5.3a.notes, 5.3b.notes, 5.3c.notes, 5.3d.notes – notefiles were used in expectation tests of the meter program: Figures 5.3A, B, C, and D. (Run these with verbosity =
kp.tar – note-beat files for the Kostka-Payne corpus. (These have “TPCNote” rather than “Note” input; they also have “Chord” statements.) The file “kp-corpus-info” has the list of excerpts and other information about them.
Several other notefiles used for other tests of the polyphonic key program:
pcsets-2.k – a bunch of pc sets. Run this through keyb/key with verbosity=3 to get information about ambiguity and tonalness (in book, Tables 7.3 and 7.5).
chop.maz6-1.2.k – mm. 1-8 of Chopin Mazurka 6/1. Run this with verbosity=2 to get information about tonalness of each segment. (See fig. 7.7.)
schum.pap.k – mm. 5-20 of Schumann Papillons, 1st mvt. Run this with verbosity=2 to get information about tonalness of each segment. (See fig. 7.9.)
essen-train-list – This is a list of the 6154 songs from the Essen corpus used to set the parameters for the monophonic key and meter programs. The songs themselves are not provided here; they are available in Kern format from CCARH.
essen-test-list – A list of the 65 songs from the Essen corpus used for testing the monophonic key and meter programs, along with their correct keys. Notelists of the songs are provided in essen-perf/.

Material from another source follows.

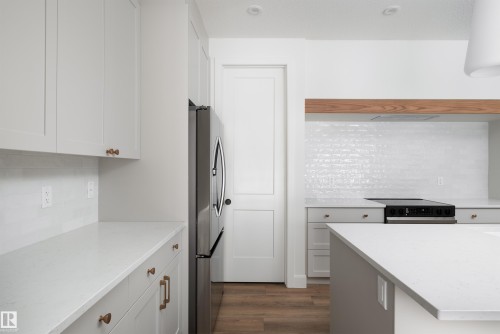 30 Grayson Green, Stony Plain, AB - Indoor Photo Showing Kitchen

kp-list – A list of the excerpts in the Kostka-Payne corpus, with information about them. This is the corpus used for testing the polyphonic key program. The excerpts are provided in kp/.
kp-npc-compare – the correct key analyses for the KP corpus. (Use the program compare2.c to compare these with output from a key-finding program.)

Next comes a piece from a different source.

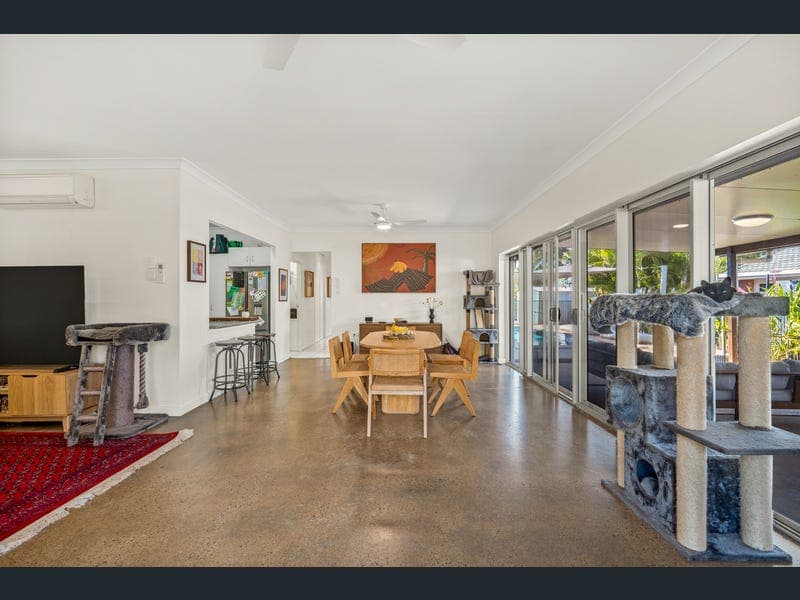 4 Mimosa Court, Annandale — photo 1 of 5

temperley-corpus-list – A list of the excerpts in the Temperley corpus, used in testing the polyphonic key program. The excerpts are not provided here.
Some Further information
All source code materials are in C. See the top of each code file for instructions on how to compile and run each program. Unless otherwise indicated, compile each program by typing “cc -lm [program.c] -o [program]”. And then run it by typing “[program] [input-file]”. If flags can be used, they are placed after the program name, possibly with a number after them: if there’s a flag -x setting some parameter value, type “[program] -x [value] [input-file]”.
The “mftext” Program
The program mftext, written by Tim Thompson and modified by me and Daniel Sleator, converts a MIDI file into a “note list” and vice versa. This is the format required by the meter program and the monophonic key program. See “comments” in the mftext directory for further information.

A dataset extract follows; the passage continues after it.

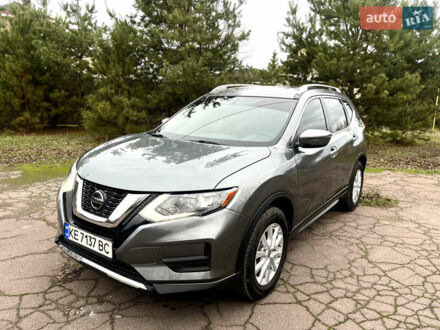 Серый Ниссан Rogue, объемом двигателя 2.49 л и пробегом 145 тыс. км за 14800 $, фото 1 на Automoto.ua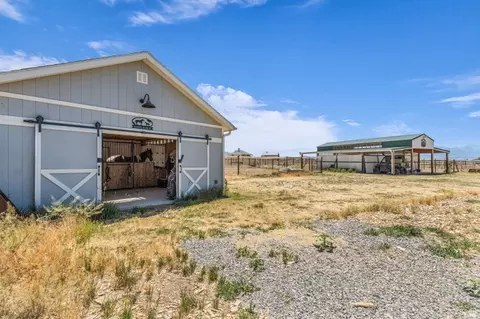 Exterior - 1644 E Arrowhead Ln, Erda, UT 84074 photo 4 of 21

One warning: A frequent problem with MIDI files is that “note off” events are often encoded as “on” events with velocity 0. The mftext program has an option for reading velocity-zero “on” events as “off” events; see mftext/comments.
The Note-Address System
You can evaluate a metrical model using the note-address system in the following way. (For more explanation, see Temperley, “An Evaluation System for Metrical Models”, Computer Music Journal 28/3, 28-44.)
1. It is recommended that you start by converting the output from your model into “note-beat list” format. A note list is statements of the form “Note [ontime] [offtime] [pitch]”; a beat list is statements of the form “Beat [time] [level]”. Not-beat lists can be generated using the probabilistic meter program; see instructions at the top of the code. (They can also be generated by the Melisma meter-finding program.)
2. Use the program gen-add to generate note address list from a note-beat list.
3. Use the program compare-na to compare your note-address list with the correct one.
4. Use the program tally-na (if desired) to take a series of outputs from compare-na and combine them.
All of these programs (gen-add, compare-na, tally-na) are available for download above.